(Beginning of RECORD EXCERPTS)
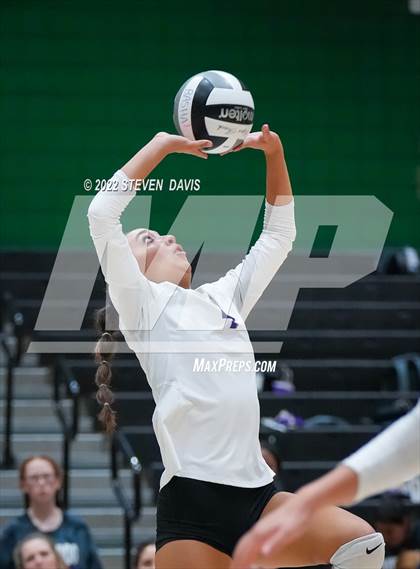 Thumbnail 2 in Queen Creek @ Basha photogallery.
(End of RECORD EXCERPTS)
(Beginning of RECORD EXCERPTS)
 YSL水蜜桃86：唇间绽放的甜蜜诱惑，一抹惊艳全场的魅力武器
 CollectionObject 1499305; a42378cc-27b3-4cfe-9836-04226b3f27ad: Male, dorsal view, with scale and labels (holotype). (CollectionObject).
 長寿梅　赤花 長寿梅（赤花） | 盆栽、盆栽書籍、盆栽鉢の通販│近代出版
(End of RECORD EXCERPTS)
▶ **WHAT YOU SHOULD DO**:
Take the listing above and repeat exactly the lines from the one containing "labels (holotype). (CollectionObject)." through the one containing "長寿梅　赤花 長寿梅（赤花） | 盆栽、盆栽書籍、盆栽鉢の通販│近代出版", both included.

▶ **SOLUTION TO THIS PROBLEM**:
 CollectionObject 1499305; a42378cc-27b3-4cfe-9836-04226b3f27ad: Male, dorsal view, with scale and labels (holotype). (CollectionObject).
 長寿梅　赤花 長寿梅（赤花） | 盆栽、盆栽書籍、盆栽鉢の通販│近代出版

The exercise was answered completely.